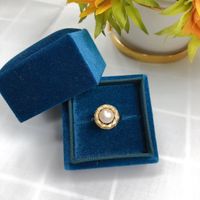Retro Round Copper Plating Inlay Freshwater Pearl Rings sku image 1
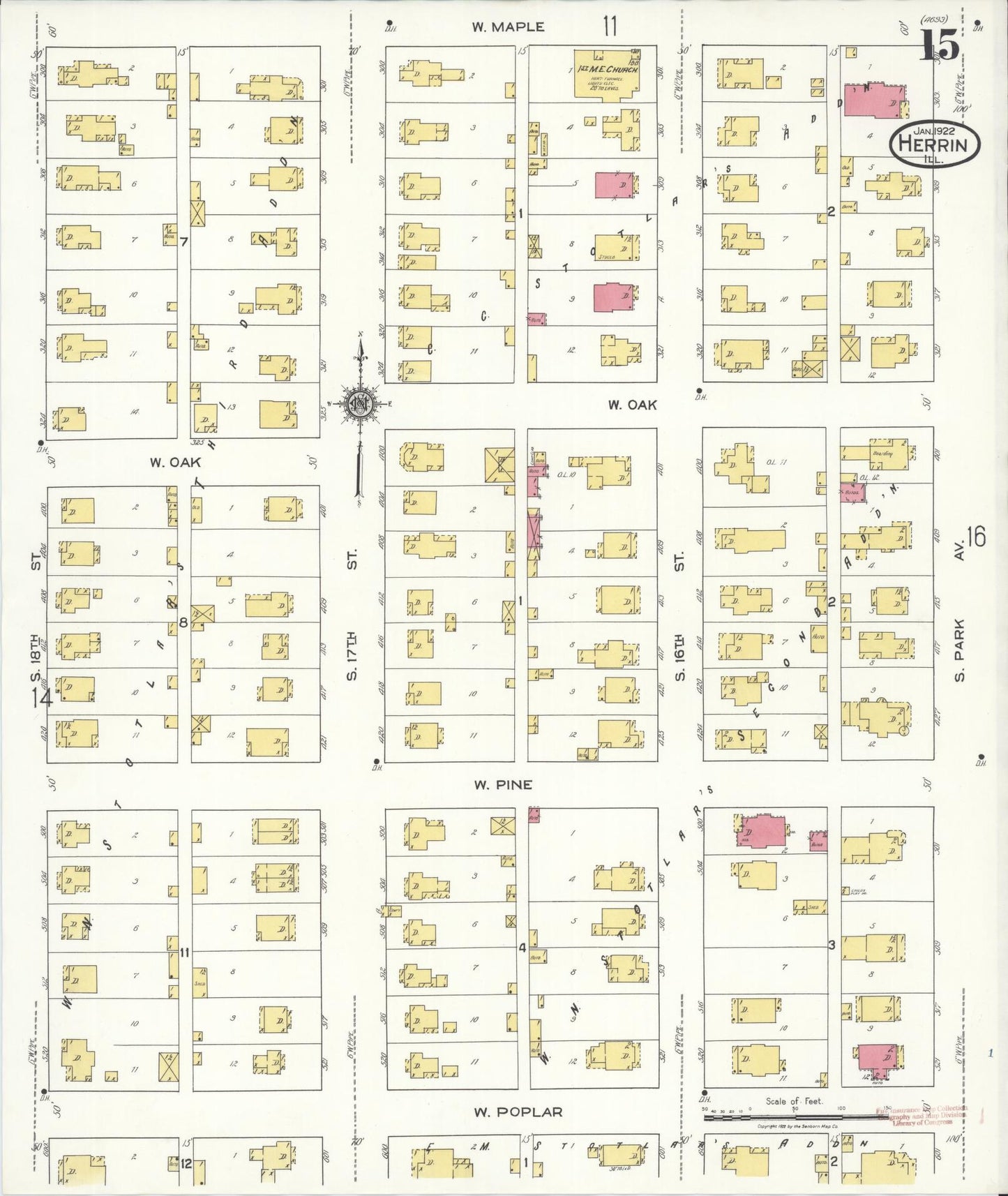 Sanborn Fire Insurance Map from Herrin, Williamson County, Illinois (1922), Sheet #0015 - Complete Map Set gallery image, historic Sanborn map, vintage wall art, Illinois Illinois
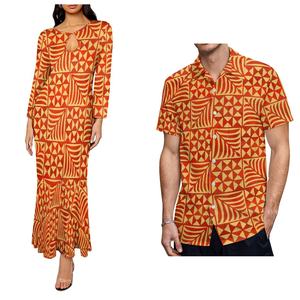 Fabricantes de Ropa Polinesia, Vestido de Cola de Pez Personalizado para Mujer con MOQ 1 y Blusa con Estampado Tribal Tropical para Hombre, Traje de Pareja - Product Image 5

§ **Exercise**
Restate the whole listing above exactly, please, omitting every image.

§ **Reply to the exercise**
Retro Round Copper Plating Inlay Freshwater Pearl Rings sku image 1
 Sanborn Fire Insurance Map from Herrin, Williamson County, Illinois (1922), Sheet #0015 - Complete Map Set gallery image, historic Sanborn map, vintage wall art, Illinois Illinois
 Fabricantes de Ropa Polinesia, Vestido de Cola de Pez Personalizado para Mujer con MOQ 1 y Blusa con Estampado Tribal Tropical para Hombre, Traje de Pareja - Product Image 5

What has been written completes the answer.